Press release issued: 26 February 2019

Competing in the Philip C. Jessup International Law Moot, with participants from over 680 law schools in 100 countries and jurisdictions, the University of Bristol Law School team of five students managed to reach the quarter finals in what is the world's largest moot court competition.

Final year LLB student, Isobel Kamber spoke to us about the Bristol team’s experience of competing in such a prestigious mooting competition:

The Philip C. Jessup International Law Moot, was one of the craziest experiences of my time at university. The standard was exceptional, the pressure immense, yet the reward of having just competed alongside the UK’s best mooters in the hardest and largest International Law Moot in the world is, and was, amazing.

The moot problem tested our knowledge on the international legal sphere; specifically, in relation to that of State Responsibility: namely attribution and breach of an international obligation, whether it be relating to the protection of endangered species and the environment or relating to the breach of cultural and religious rights.

And as a result, the weekend saw us carrying suitcases of bundles each day to Grays Inn, in the hope we were fully prepped for any question relating to any case that could possibly be mentioned. By the end of the weekend it is safe to say that the cases of Prosecutor v Tadic; Whaling in the Antarctic and the Bosnian Genocide, to name but three of the masses of cases cited, are, and always will be safely engrained in our minds.

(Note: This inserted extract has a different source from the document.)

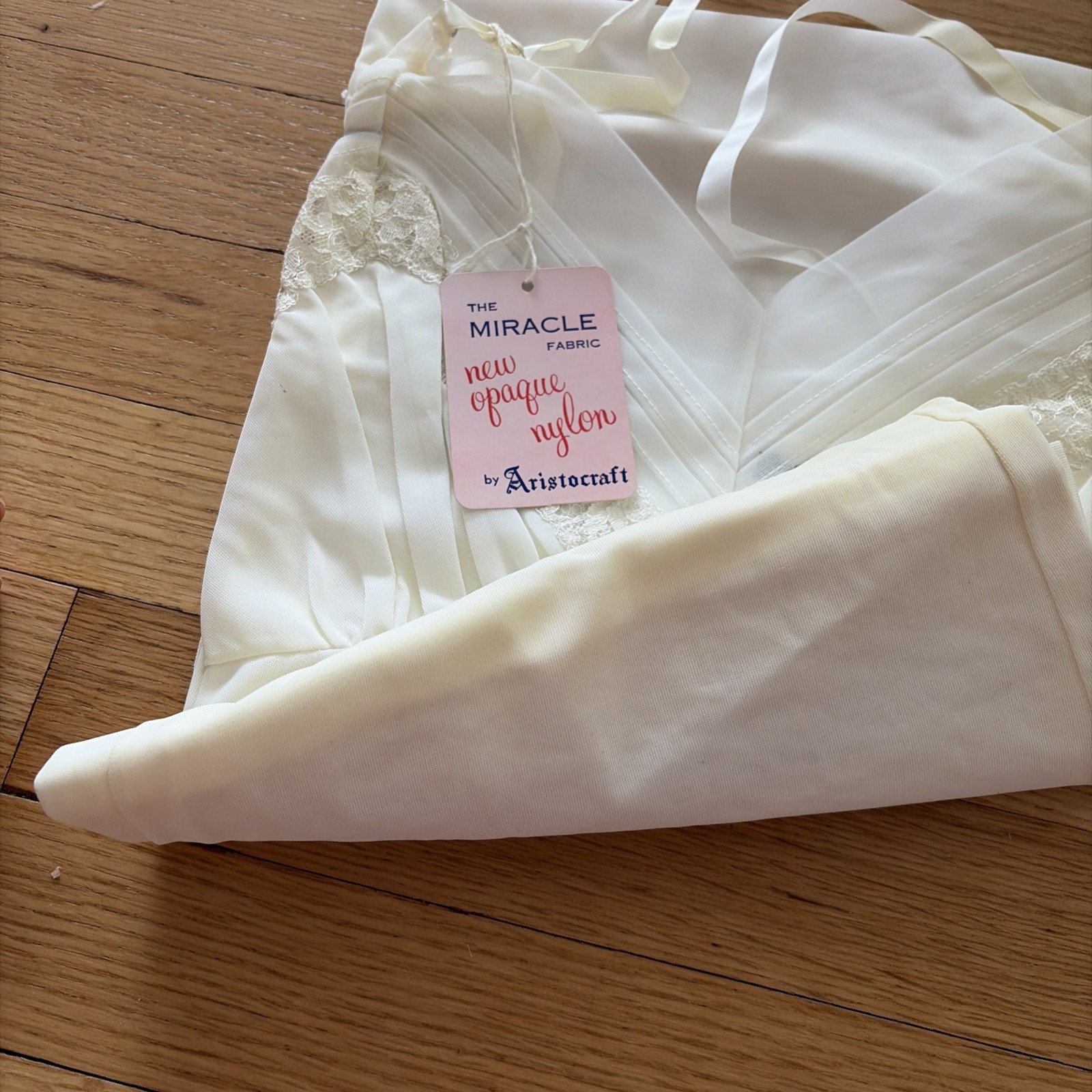 Vintage NWT Aristocraft Miracle Fabric New Opaque Nylon Lingerie Nightgown Sz 40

Every moot brought with it a new multitude of questions, with the judges finding new holes in the problem as the weekend went on. And as a result, our team would be nothing without Wee Toh. He sat with myself, Teddy, Nima and Rosel through every moot, frantically passing notes consisting of new fine points of the law or even general encouragement and good luck before each of our respective orations. To our team Wee Toh will forever be known as Weetoh-pedia, for his consistent magnitude of knowledge that he expelled on us all last weekend.

It was after four preliminary round moots from Friday through to Saturday, we were incredibly pleased on the Saturday evening to be informed we had made it through to the quarter finals alongside seven other universities in the UK. And on the Sunday we ended the competition as quarter finalists, leaving the University of Bristol as the 7th best team in the country, as well as national winners of the award for best respondent memorial. We also came 4th overall for our Memorials and Teddy was the 7th best oralist in the competition. The team and I are all incredibly proud of such an amazing achievement, the experience was incredible just in itself. Yet, it is unarguable that the best thing to have come out of the competition are the bonds within our Jessup Team.